Today, 4 September, the Global Education Monitoring Report (GEM) released a policy paper entitled, “Act now: Reduce the impact of COVID-19 on the cost of achieving SDG 4”. The paper argues that acting rapidly as the world emerges from the COVID-19 pandemic will reduce costs that would otherwise be necessary to meet Goal 4 on education of the Sustainable Development Goals. The report has been issued prior to a meeting convened for 8 September by the UN of Finance Ministers from the 193 UN member states to consider finance policy options for recovery.
The policy paper notes that, even before the shock of the pandemic, the world was lagging behind in achievement of SDG4, meaning that, effectively, the time left to achieve the goal had already been compressed from 15 to 10 years. Education International, in a report in 2019, “Off Track: Educators Assess Progress Towards SDG4” also voiced concern about the lag in achieving the goals and raised specific elements of the goal which were not being addressed by governments and areas where there had been further decline.
The GEM paper argues that, both in terms of costs and addressing urgent COVID-19 damage to education, action in some areas should be given priority. It argues that distance learning has boosted inequalities and has placed marginalised students at an even greater disadvantage. It also maintains that there are serious risks of students dropping out rather than returning to school. EI has received reports of the increase in child labour, including in countries which had made progress under initiatives of education unions working with the EI child labour programme. In other words, outreach and remedial efforts are important in the short term or there may be permanent long-term damage to many young people.
The report concludes that, “the key message of this paper is that governments can choose to invest in re-enrolment and, especially, remediation strategies to address head-on a potential vicious circle of repetition, disengagement and eventual dropout. The coming months are a critical period to act in order not to turn this student cohort into a lost generation.”

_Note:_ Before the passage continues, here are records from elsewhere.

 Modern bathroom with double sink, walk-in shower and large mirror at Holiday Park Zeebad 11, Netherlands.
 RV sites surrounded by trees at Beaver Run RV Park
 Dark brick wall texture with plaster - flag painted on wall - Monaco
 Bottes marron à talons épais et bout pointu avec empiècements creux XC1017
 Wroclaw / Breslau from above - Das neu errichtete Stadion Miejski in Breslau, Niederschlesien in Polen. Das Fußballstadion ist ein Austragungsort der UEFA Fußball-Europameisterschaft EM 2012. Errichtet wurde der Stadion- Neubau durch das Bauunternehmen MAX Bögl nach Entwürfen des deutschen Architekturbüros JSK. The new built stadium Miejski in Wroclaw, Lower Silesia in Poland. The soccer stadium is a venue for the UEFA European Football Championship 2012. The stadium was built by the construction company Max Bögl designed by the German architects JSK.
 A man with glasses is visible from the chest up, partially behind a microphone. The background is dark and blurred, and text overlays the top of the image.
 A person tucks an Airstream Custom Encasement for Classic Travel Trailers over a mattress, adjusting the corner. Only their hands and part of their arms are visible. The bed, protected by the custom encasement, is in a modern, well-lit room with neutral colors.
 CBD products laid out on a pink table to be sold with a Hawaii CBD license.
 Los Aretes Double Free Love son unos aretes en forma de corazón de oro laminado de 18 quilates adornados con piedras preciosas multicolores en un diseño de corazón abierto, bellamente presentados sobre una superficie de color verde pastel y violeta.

Education International General Secretary David Edwards, reacting to the GEM report, said, “it shows the urgency for cost, education, and equity reasons, to act quickly, particularly in low and middle-income countries. Sustained funding is also indispensable to recovery. There needs to be massive, unprecedented global solidarity not only for the future of those countries struggling the most, but also for developed countries. Health and economic crises are already turning too many on our planet into tragic victims of health and economic crises and threating our democracies”
“It is far too late for action-less words on SDG4 as well as on the other SDGs. Our global responses will determine whether the right to education is more than an aspiration in many countries. The exercise of that right is a source of hope and will help to counter despair and instability and ensure a future for our children and for our communities.”